# Deck footing below water table!



## AtlanticWBConst. (May 12, 2006)

flyultralite said:


> Hi all, I live in Northern Ontario Canada and I'm a first time home owner (ah thank you). I plan on building a nice big deck off the front of my house this spring. Although living on the shore of a lake is beautiful it does pose a problem with deck footings. I'm told that I need to dig down at least 6 feet to be below our frost line. However, once I'm 2 feet down I'm into the lakes water table and the hole fills with water. I'm stumped, what do I do with this situation, how do i get good strong and solid footings in water filled holes?
> 
> I've heard of people wrapping the base of their SonoTube with thick plastic then pouring cement in. Is that a sufficient solution or is there any other suggestions? ANY suggestions anybody may have please do share the with me. Thank you so much!!


I have my own comments about how to deal with this...but I'd rather hear from an expert in the area ... like....CONCRETEMASONRY...
Hopefully, he'll see this and reply...


----------



## flyultralite (Apr 5, 2007)

AtlanticWBConst. said:


> I have my own comments about how to deal with this...but I'd rather hear from an expert in the area ... like....CONCRETEMASONRY...
> Hopefully, he'll see this and reply...


 
I don't think there's any harm in hearing your comments.


----------



## concretemasonry (Oct 10, 2006)

The first thing is to makes sure you have solid soil where you plan to have your Sonotubes sit. If it is bad, it makes little difference how you pour the concrete.

I am not an expert on digging and every job seems to be different depending on the soil and water level. It is a waste of time trying to keep the water out of the excavation. In some cases you just have to dig and insert the tube ot sometimes you can jet the bottom soil loose with a hose and force the tube downward is steps.

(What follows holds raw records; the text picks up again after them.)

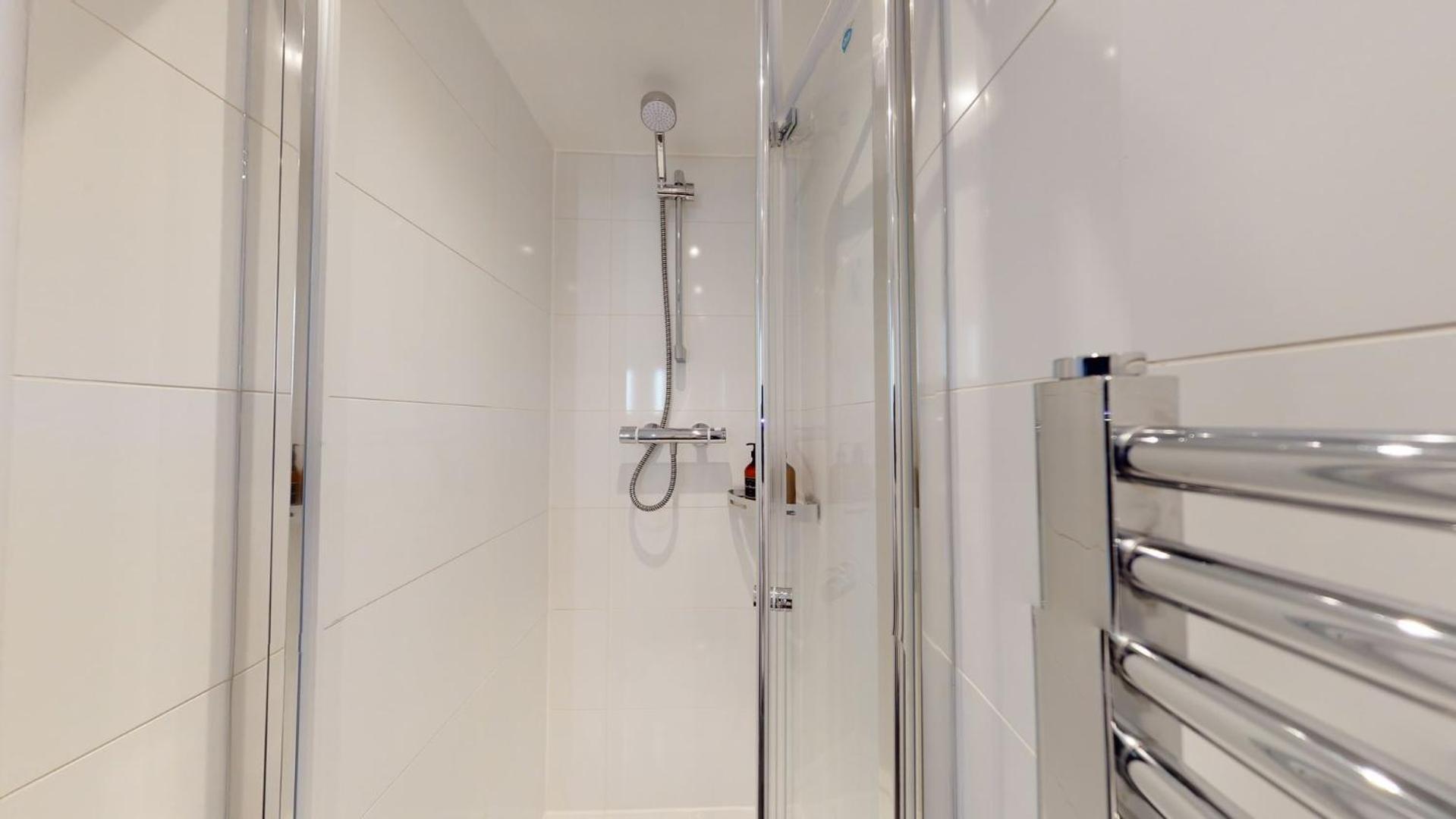 Stylish Apartment W/ Private Garden - Dog Friendly Newport Kültér fotó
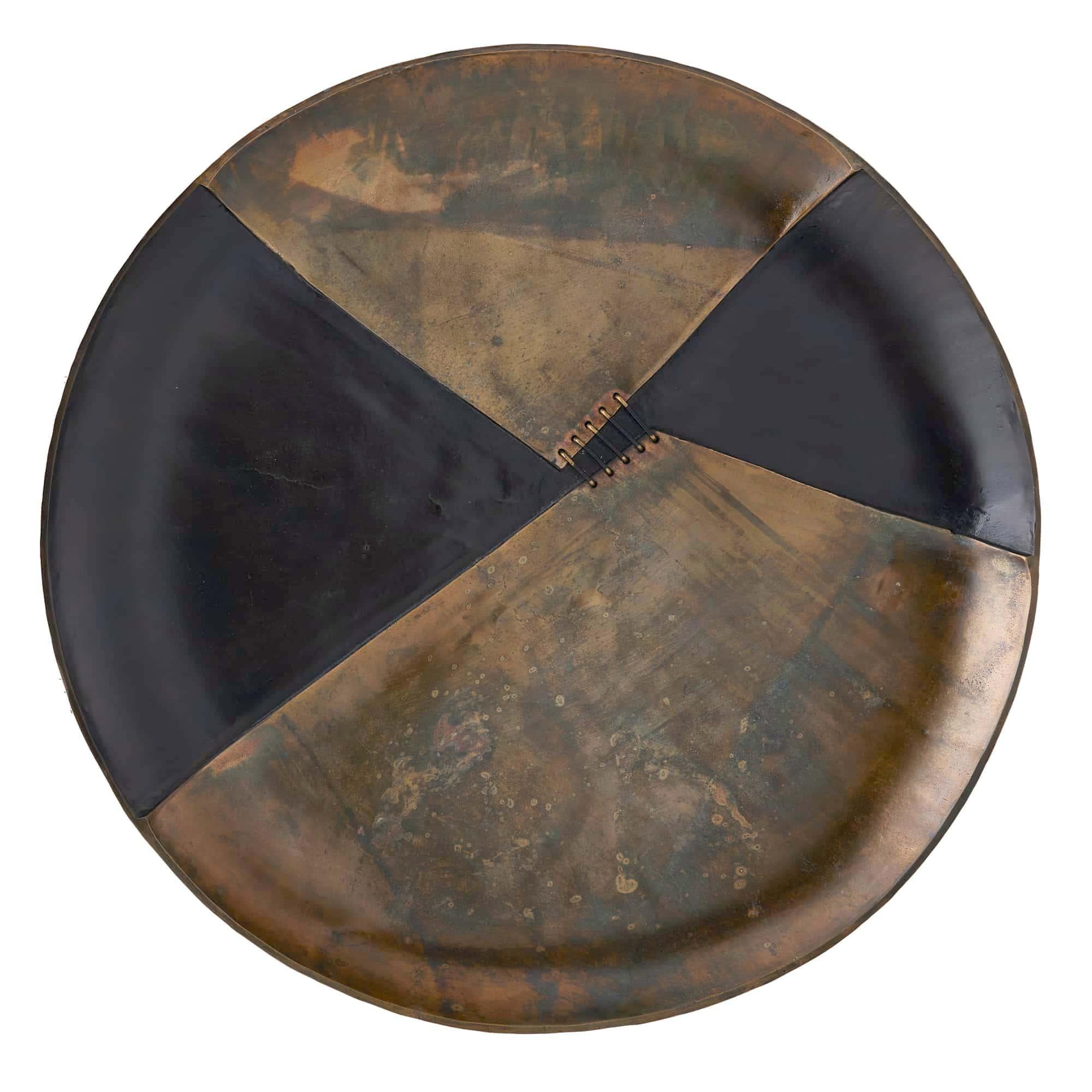 Placca da parete Virgil (WPI01) - Ispirata al design della porcellana di metà secolo, la placca da parete Virgil offre un'audace reinterpretazione grazie all'uso scultoreo dell'alluminio fuso. Il pezzo presenta un sorprendente design a blocchi di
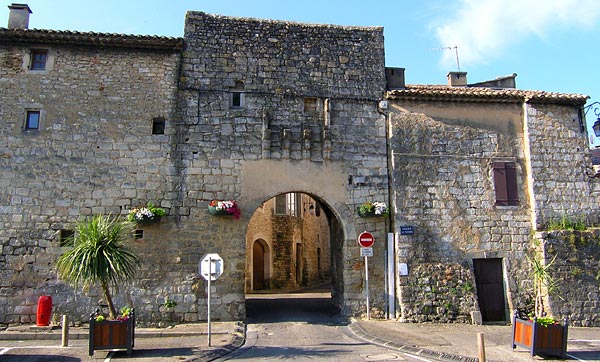 entrée murailles de saint paul trois châteaux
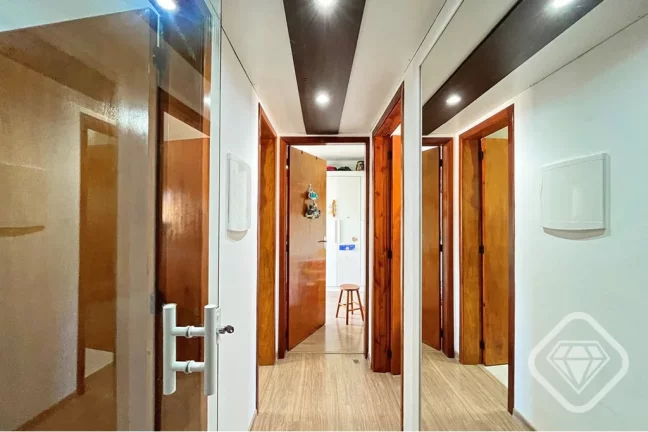 Imagem Casa com 3 dormitórios, suíte, sótão e áreas de convivência integradas no Bairro Tristeza

Um ...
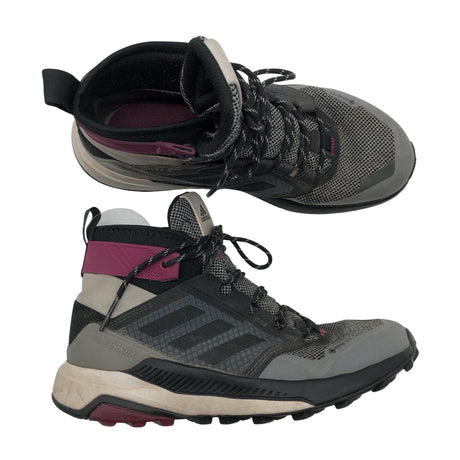 Unisex Adidas - Vaelluskengät, koko 39 - Harmaa ()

To pour the concrete below water, do the same think they do on bridge seals but on a smaller scale. On bridges they may pour 10 to 20 feet or more below water. You just the same principle, but on a smaller scale.

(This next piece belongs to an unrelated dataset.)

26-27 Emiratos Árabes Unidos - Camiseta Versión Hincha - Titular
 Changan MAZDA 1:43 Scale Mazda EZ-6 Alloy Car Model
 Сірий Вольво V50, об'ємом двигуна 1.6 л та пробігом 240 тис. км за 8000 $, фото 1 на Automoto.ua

With the hole dug, the Sonotube in place (vertical and set to height), and water in the Sonotube, insert a large hose or pvc pipe (3-4") down to the bottom of the Sonotube form. Pour concrete(3/4" maximum aggregate size) down the tube - it is heavier and will force the water up. The beginning of the pour will loosen a lot of poor soil and fines and they will be forced upward. You must keep the bottom of the pipe well below the top of the concrete. As you pour the concrete, the water will be displaced and forced out of the top of the form. When you get the form filled, scrape off the extremely wet concrete and pour more into the pipe to get the better mix to the top.

Insert some vertical rebar and a Simpson bracket that you can attach your wood post to.

Since you will get little lateral support from a concrete tube 6' into wet, mucky soil, you will have to rely on some diagonal bracing of the deck in both directions.


----------



## handy man88 (Jan 23, 2007)

It is very scary to pour anything below the water table. Where I live, there are some areas near the bay that are at sea level. It is a bad idea to build swimming pools there, but someone had a Gunnite (concrete w/ rebar) pool put it anyway. Guess what? After a few months, this very very heavy concrete pool with water heaved up and cracked. The entire $45,000 pool is useless now.

If you're using a ledger board instead of building a free standing deck, when the deck moves, it may affect the structural integrity of your house also. What you may have to do is to have a concrete pad poured on that area and then install the deck posts on top of the concrete pad. I assume your lake house is built the same way where there's no basement and only a concrete slab.


----------



## flyultralite (Apr 5, 2007)

What I'm doing actually is taking off the exisitng sunroom. It was built in '73 (very poorly) and needs major repair. I figured I'd get more use with a deck anyways. 

The exisiting sunroom in essence is a deck, just with walls and a roof. It's attached to the house with a ledger and has 4 posts resting on footings. We still have snow so I can't dig down to see the depth of their footings. The sunroom has never heaved all these years, everything is nice and level still.

With the above knowledge would it be wise to duplicate exactly what they did back in '73? If thier footings are only 2 feet below ground and hasn't moved, should I do the same? Which is better, being way above frost line and OUT of the water table or below frost line and IN the water table?


----------



## handy man88 (Jan 23, 2007)

If the existing footers are above 2 ft, then I think whoever built that sunroom probably realized the same thing while digging to install the posts. That's why he kept it above the frost line. That's assuming the lake's water level hasn't changed.

One important thing to factor in is that the sheer weight of the sunroom may be greater than your deck, as it includes framing, windows, and roofing. So, what did not heave before, may still move since your deck will be lighter. Duplicating exactly what they did then may or may not work.

I don't know how high your deck or sunroom is, but I assume the grade slopes down towards the lake. Worse case, you can build a retaining wall to level out the area just below your deck. With all the fill dirt needed to level things out, your new footers will be techinically be a bit lower below the new frost line, and you'll have the benefit of a flat, usable area below your deck, especially if you use pavers to make a patio.


----------



## Brik (Jan 16, 2007)

Maybe look into pilings that dock builders use. These guys are near Ottawa , maybe they can advise you.
http://www.tmpo.ca/home.php?lang=en


----------